* Crase
Crase é a
fusão de dois ou mais sons iguais em um só. Aborda-se aqui a que se indica com
o acento grave ( ` ) e que resulta da fusão de dois aa, escritos à(s).
O primeiro desses aa é sempre a preposição a. Esta ocorre quando presentes na
frase palavras que a requerem. Palavras como: dirigir-se a, falar a, ir a,
referir-se a, retornar a (verbos);
alusão a, amor a, combate a, menção
a, referência a, respeito a (substantivos);
igual a, ligado a, semelhante a, similar a (adjetivos);
anteriormente a, próximo a, quanto a, relativamente a (advérbios).
Já o
segundo a da crase pode ser:
a) o artigo definido feminino a(s), o que significa que somente substantivos do gênero feminino (estejam expressos ou implícitos) admitem a crase:
Os deputados retornaram à sessão
imediatamente.
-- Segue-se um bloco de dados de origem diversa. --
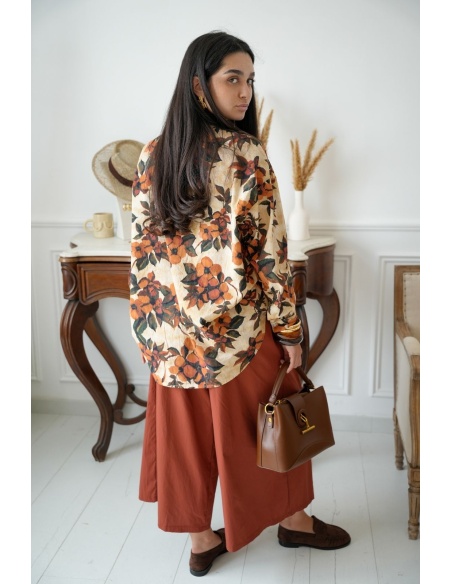 Blouse Fleurs Banditas SOFFIANO BANDITAS - 4 | Accueil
Expressemos o amor à Pátria e o respeito às leis.
b) o a inicial
do pronome relativo a qual, as quais
:
Esta é a emenda à qual se
acrescentou um parágrafo. Trata-se das pessoas às quais devemos nossas
vidas.
c) o pronome demonstrativo feminino a(s),
equivalente a “aquela(s)”:
Esta emenda é semelhante à que foi apresentada ontem.
Nossa sorte está ligada à do Brasil.
Às que muito reclamavam pediu paciência.
Observação: Um recurso
prático para saber se há ou
não a crase nos três casos acima consiste em substituir a expressão feminina por uma masculina: se o masculino resultar em ao(s), a crase se confirma. Cp.: Os
deputados retornaram ao plenário imediatamente; Expressemos o amor ao País e o respeito aos regulamentos; Este é o projeto
ao qual se acrescentou um
parágrafo; Trata-se dos heróis aos quais devemos nossas
vidas; Este parecer é semelhante ao que
foi apresentado ontem; Nosso destino está
ligado ao do Brasil; Aos que muito reclamavam pediu
paciência .
d) o a inicial
dos demonstrativos aquele(s), aquela(s), aquilo :
Encaminhe-se àquele balcão. Foste
àquela reunião?
Evite dar ouvidos àquilo.
Observação: Aqui, na dúvida, deve-se substituir o pronome por outro que não comece por a. Se aparecer um a, a preposição se confirma. Cp.: Encaminhe-se a este balcão; Foste a que reunião?; Evite dar ouvidos a isto.
Deve-se,
ainda, usar o acento de crase nos seguintes casos (trata-se de casos
particulares que não deixam de enquadrar-se nas regras acima):
a. Nas locuções formadas de palavras femininas:
O povo ficou na praça à espera (à
mercê / à disposição / à procura) do Presidente da República.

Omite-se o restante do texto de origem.